# Difference between revisions of "Eleisha's Segment 41: Markov Chain Monte Carlo, Example 2"

To Calculate:

1. Show that the waiting times (times between events) in a Poisson process are Exponentially distributed. (I think we've done this before.) The waiting time to the kth event in a Poisson process with rate $\displaystyle \lambda$ is distributed a $\displaystyle \text{Gamma}(k, \lambda)$ . Let $\displaystyle \tau = t_{i+k - t_i}$ with $\displaystyle \tau$ = time from event i to event k. Then the waiting time is distributed as

$\displaystyle p(\tau | k, \lambda) = \frac{\lambda^k}{(k - 1)!} \tau^{k-1}e^{-\lambda \tau}$

So in this case $\displaystyle \tau = t_{i+1 - t_i}$ where $\displaystyle \tau$ is the time from the first event to a second event.
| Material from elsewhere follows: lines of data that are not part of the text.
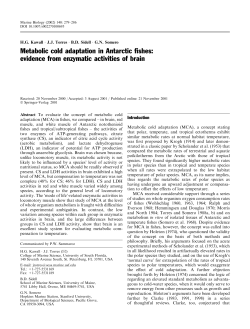 Metabolic cold adaptation in Antarctic ®shes: evidence from
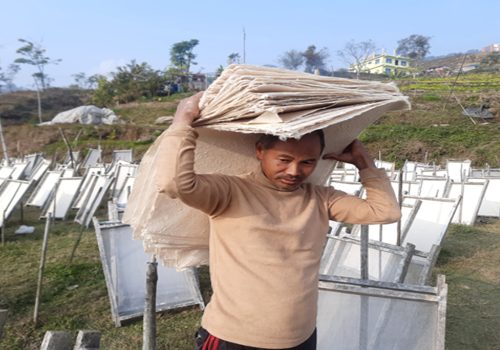 कागज उद्योगमा रमाउँदै पासाङ
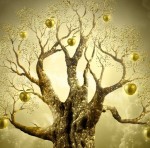 Golden Apple Tree
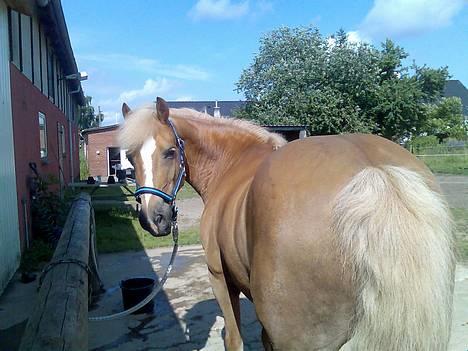 Haflinger Provence - seee hvor fiiin jeg er:) billede 7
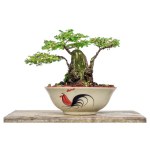 Phyllodium pulchellum in ceramic pots used to create bonsai.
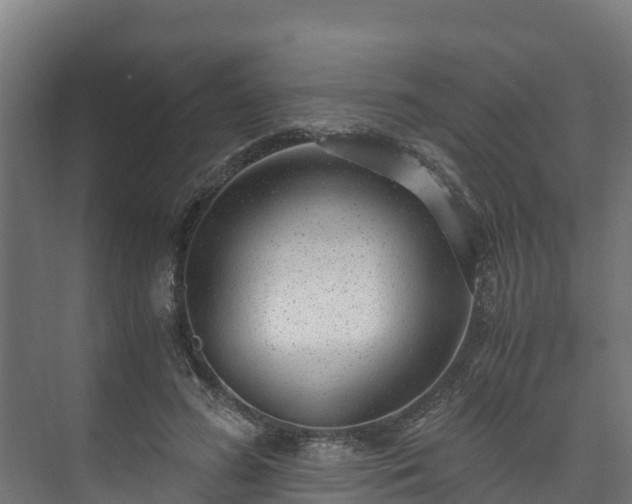 X0000073530596200608071149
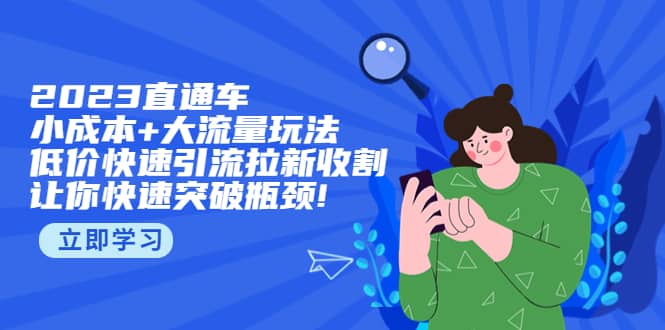 2023直通小成本+大流量玩法，低价快速引流拉新收割，让你快速突破瓶颈-讯领网创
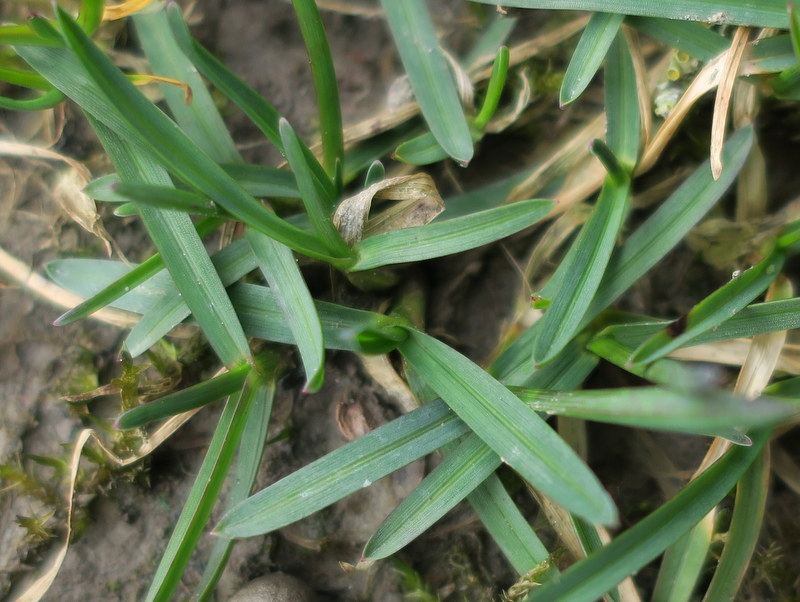 Poa pratensis subsp. irrigata (door Grada Menting)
This means that k = 1. So if k = 1 then

$\displaystyle p(\tau | k, \lambda) = \frac{\lambda}{(0!)} \tau^{0}e^{-\lambda \tau}$

$\displaystyle p(\tau | k, \lambda) = \lambda e^{-\lambda \tau}$

This is an exponential distribution.

2. Plot the pdf's of the waiting times between (a) every other Poisson event, and (b) every Poisson event at half the rate.

Below is the python code used to generate the plot


import scipy.stats as sp
from scipy.stats import gamma
from scipy.stats import expon
import numpy as np
import matplotlib.pyplot as plt

plt.figure(1)
x = np.linspace(start = 0, stop = 20, num = 50)
rv = gamma(2, scale = 2.0)
rv2 = expon(1)
p1, = plt.plot(x, rv.pdf(x))
p2, = plt.plot(x, rv2.pdf(x))
plt.ylabel("P(x)")
plt.xlabel("x")
plt.legend([p1, p2], ["Every other event with lamdba = 2", "Half-Rate, lambda = 1"])
plt.savefig("Eleisha_HW42.png")
plt.show()


3. Show, using characteristic functions, that the waiting times between every Nth event in a Poisson process is Gamma distributed. (I think we've also done one before, but it is newly relevant in this segment.)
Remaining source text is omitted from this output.